Garth Tander credits Supercars career to late Garry Rogers
Rogers will be farewelled at a Thursday funeral service today
Supercars Hall of Famer passed away last month, aged 80
Garth Tander has credited his career and successes to the late Garry Rogers, who will be farewelled in Melbourne today.
The Supercars Hall of Famer’s life will be celebrated at a Thursday funeral service following his death late last month, aged 80. Tander led the tributes to Rogers, who was also celebrated at the Gold Coast in the days after his passing.
Rogers championed youth, handing several future stars a crack in Supercars. Notably, he gave Tander a crack, and he duly won the 2000 Bathurst 1000 with Jason Bargwanna.
After being on the sidelines after winning the 1997 Formula Ford title, Tander was called up to Garry Rogers Motorsport midway through the 1998 season, replacing UK-bound Steven Richards.
Tander delivered for Rogers, winning the Great Race and finishing championship runner-up in 2000. He remained with the team until 2004, before moving to the Walkinshaw fold. Between 2005 and 2016, Tander won the 2007 championship and added two Bathurst wins in 2009 and 2011, before returning to GRM in 2017.

“If it wasn’t for Garry Rogers, I wouldn’t be a Supercar driver at all, let alone having any sort of success,” Tander said on the Rusty’s Garage podcast.
“Literally, I had no options as a kid that just won the Formula Ford Championship, spent all the money that Mum and Dad had, exhausted all the sponsorship that we could gather.
“That was it. I was done. So, if it wasn’t for Garry, then this phase of my life, that direction in my life would not have happened.”
Tander contested two more seasons with GRM before he was replaced by Richie Stanaway in 2019 amid a sponsorship shortfall. He quickly scored a plum Triple Eight co-drive, and added two more Bathurst wins in 2020 and 2022.
He then shifted to Grove Racing, where he has applied Rogers’s learning to the now championship-contending Ford team. In a full circle moment, Tander won the Bathurst 1000 last month with Matt Payne.

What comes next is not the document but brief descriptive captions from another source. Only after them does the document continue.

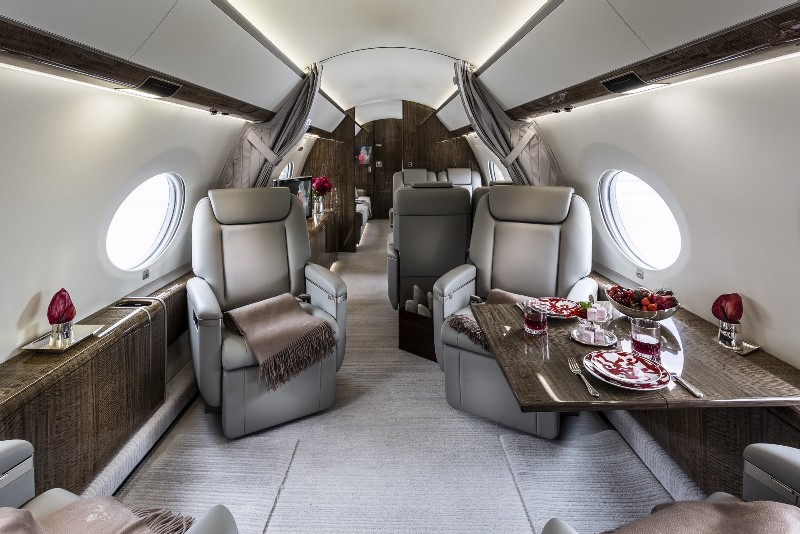 аренда самолета Gulfstream G650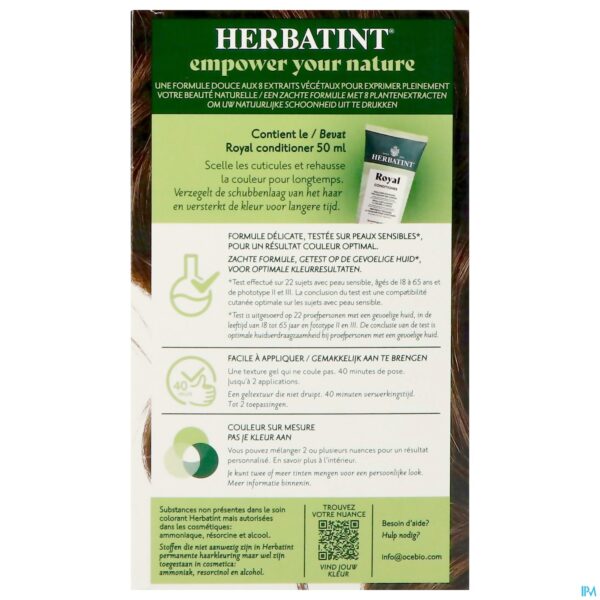 Packshot Herbatint 4n Kastanje 170ml Packshot Herbatint 4n Kastanje 170ml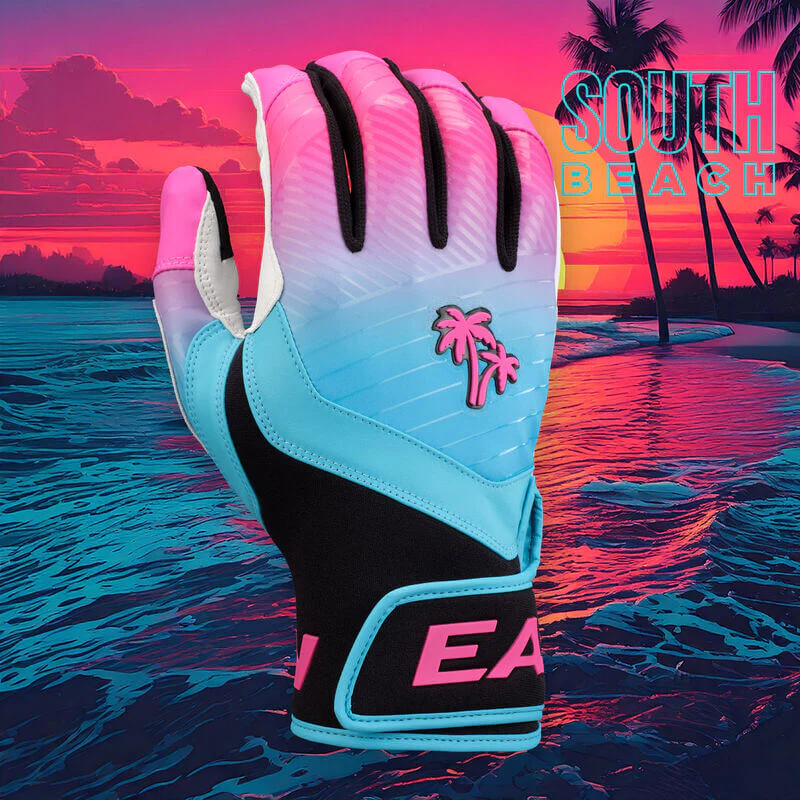 Easton Youth Walk-Off Ethos South Beach Batting Gloves - Image 5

As fate would have it, Tander was joined on the podium with two former GRM racers in Lee Holdsworth and James Golding.
“In my role at Grove Racing, where I help with the direction of the race team with Stephen Grove and Brenton Grove, we were looking at driver options for this year,” Tander said.
“When Kai Allen became an option, I was like, ‘wow, we’re going to have two kids. We’re going to have Matt Payne, who was 22 at the time, and we’re going to have a 19-year-old’.
“I said to Stephen and Brenton, I remember way back when I started at GRM, we had Jason Bargwanna and myself.
“No one believed in youth at that stage, and we built something pretty cool. That was way back in the early 2000s, and I think we can do the same today.
“I was inspired from what Garry did with us way back then. That gave me the confidence that we could do what we needed to do with two young drivers today, and it seems to be working out okay.
“I never got the opportunity to tell Garry that, but that’s something that sticks with me today, the opportunity for young drivers. He proved that all the way through the lifetime of GRM.”